Tips & tricks by Hannah Pooley


The unfortunate truth about social media is that it plays host to plenty of information that can negatively affect our mental health. After taking time away from social media, Hannah Pooley gives her insights into how you can take part in your own digital detox.


If you were to check your phone statistics right at this moment, your daily screen time could truly shock you. Even more so if you check how much time you spend on social media.


According to Statista, the average screen time of UK phone users in 2021 was 4 hours a day, and a study conducted by the University of Leeds earlier this year found that, during the UK’s three lockdowns, over half of those surveyed spent 11 hours on their devices, with some users reaching up to an astonishing 14 hours per day.


For many of us, it’s clear that scrolling on social media apps has become an absolute centre piece of our everyday lives – but at what point are consumers becoming the consumed?


In the wake of this, I decided to do a social media detox for a month (so that you don’t have to) and reflect on the benefits and downfalls of disconnecting with the online social world. At first, the idea of uninstalling apps such as of Facebook, Instagram and Twitter can seem daunting, even impossible. However, if you can successfully cut down your use, it could be a rewarding change that you didn’t even know you needed.

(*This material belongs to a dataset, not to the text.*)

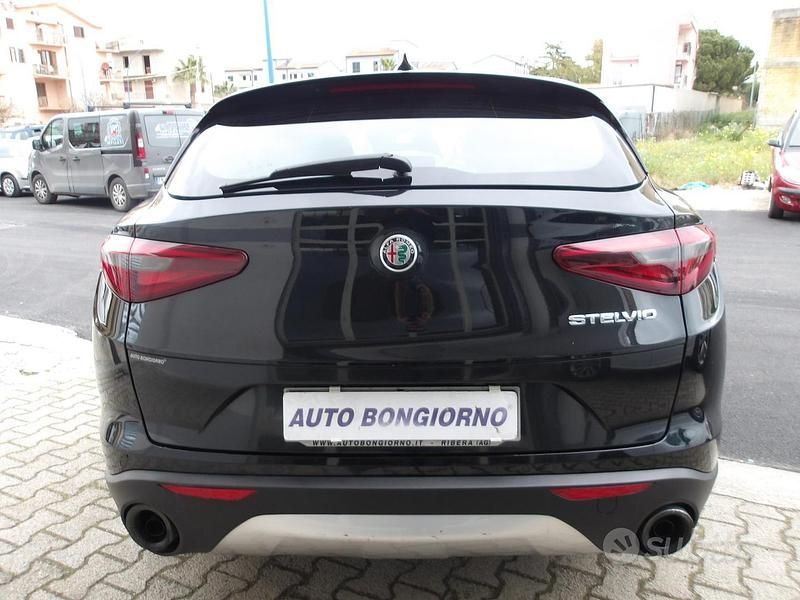 Usata Alfa Romeo Stelvio 180 CV (132 kW) 2018 Nero SUV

My decision for trying this stemmed from the need to not only take a breather from social media for my own wellbeing, but to also allow myself to connect more with other areas in my life. And maybe even read a book or two.



The beginning


One week into the detox and the FOMO (Fear of Missing Out) had truly kicked in, which at first felt like an unbeatable uphill struggle for me. Even though deep down I knew that I would not be missing out on anything major from social media (plus my friends would most definitely tell me anything earth shattering), I felt that I was addicted to this non-physical realm of endless and frivolous information.

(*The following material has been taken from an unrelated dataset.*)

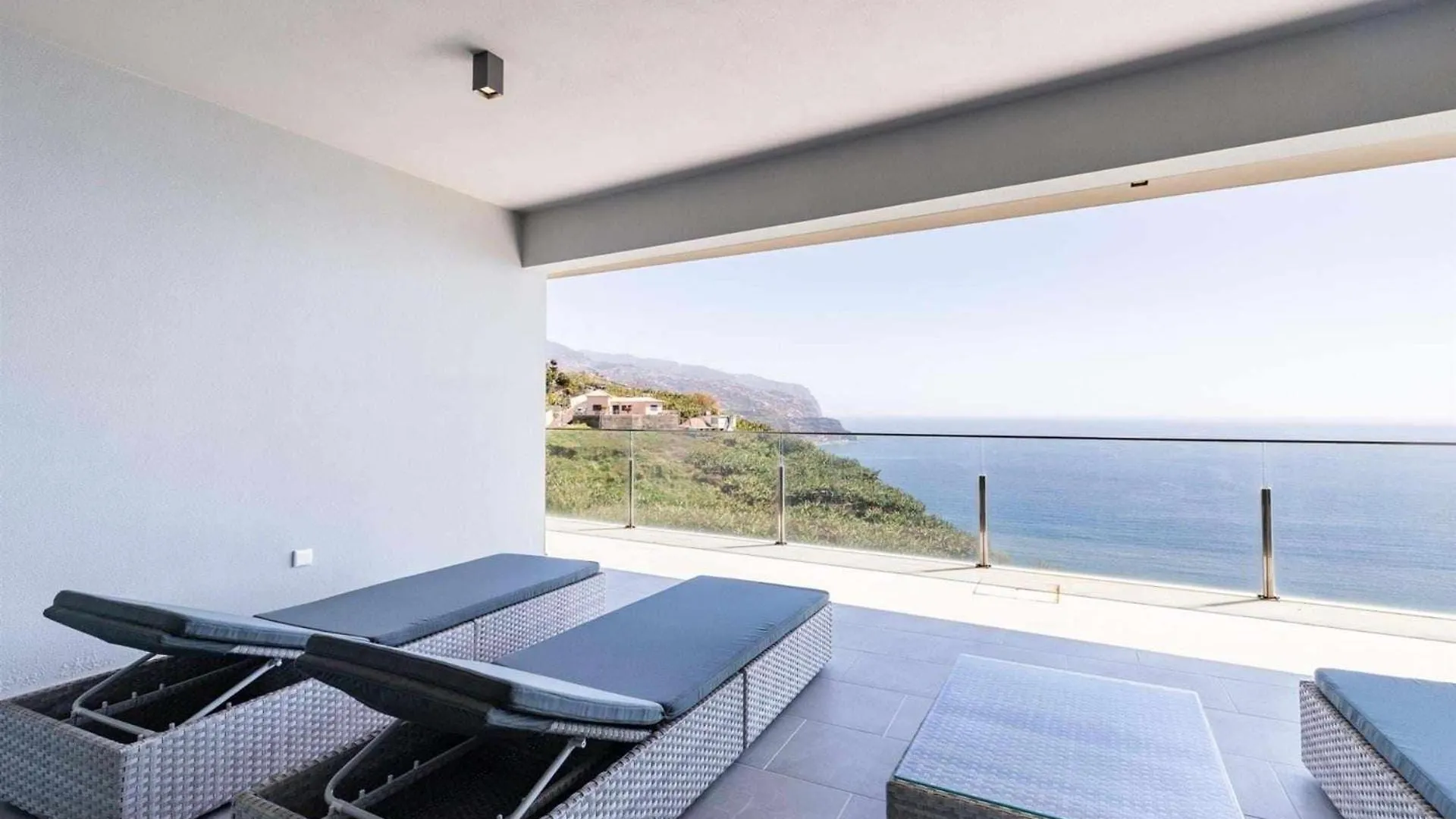 Villa Harmonia By Place Oversea With Indoor Pool Ponta do Sol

I grew up in the Myspace era, so my whole adult life has been engrossed in social updates online – and therefore, taking myself away from that was pretty challenging. But I continued, based on the knowledge that I knew I relied on it too much, and with the goal that taking a step back would be rewarding in the long run.


A few weeks down the line…


After a couple of weeks of my social media detox, my willpower was still very much being tested, however, I began to genuinely not miss the constant need for updates and the urge from constant scrolling.


I found that time spent on my phone was now mostly used to meticulously choose music to listen to on Spotify (and find new artists in the process), or my daily ritual of Googling who that actor is in that film that I couldn’t remember.


The key thing to remember is that we all know our own biggest vices – if you are more prone to overly use one app over another, that should be the one to cut down on or avoid altogether if necessary.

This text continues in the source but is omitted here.